One wonders, as more anecdotal information of this nature comes to light about the Colorado study, what still-unknown forces simmered behind the scenes in Dr. Condon's UFO kitchen. The late (and often hilariously in error) UFO debunker Phil Klass tried to make project members Edward Condon and Robert Low "victims" of UFO proponents such as Dr. James McDonald, but it's quite obvious that the downfall of key project participants centered heavily upon scientists performing negligible science -- or no science at all.

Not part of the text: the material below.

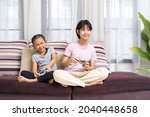 happy asian girl with sister... | Shutterstock . vector #2040448658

I've not re-posted visuals on this blog previously, but I am putting up my 1968 letter from Gerald Ford (see blog of June 11, 2007) again to drive home some nebulous point that deserves more clarity than I can manage here. Maybe I'm just tired of the official nonsense -- thousands of impressive UFO reports just from the U.S., plus former military personnel putting their reputations on the line by daring to go public, and so many in Congress just sitting like bumps on logs, refusing to do a damned thing to make their public testimony easier and not fraught with potential legal threats for coming forward. Sometimes, I feel that if I read one more official statement assuring us that UFOs represent no threat to our national security -- yet military personnel are forbidden under various regulations to go public with their dramatic UFO encounters because speaking out may violate national security -- I may well turn to stone.

Gerald Ford? Congressman, then President, Gerald Ford, the subject of so many entries on this blog, now departed, of course. Mr. Ford, I would suggest rhetorically, knew, knew the Colorado project turned into a farce. Why didn't he do something, anything? The "UFO baby" lingered restlessly in Ford's hands since the Michigan UFO sightings, when he spoke oh SO eloquently about the need for an investigation, the once-and-forever, tell-all-at-last, absolute final word and determination. What happened? What happens to those folks in Washington whenever important UFO evidence flies into their soup?

Robert Salas -- thank you for enlightening us, sir. The rest of us should always ask the question, who are the real patriots? What extraordinary measures sometimes constitute heroism? Who will offer and interpret the information we have been denied on a regular basis, and for so long, by the nameless and faceless who, though performing their duties expertly and covertly, nonetheless perform them in that sector of a free and open government intended to impart knowledge to all citizens? One needn't be a conspiracy theorist, or even a "bad" American, for gosh sakes, just to insist that our government tell the people the truth.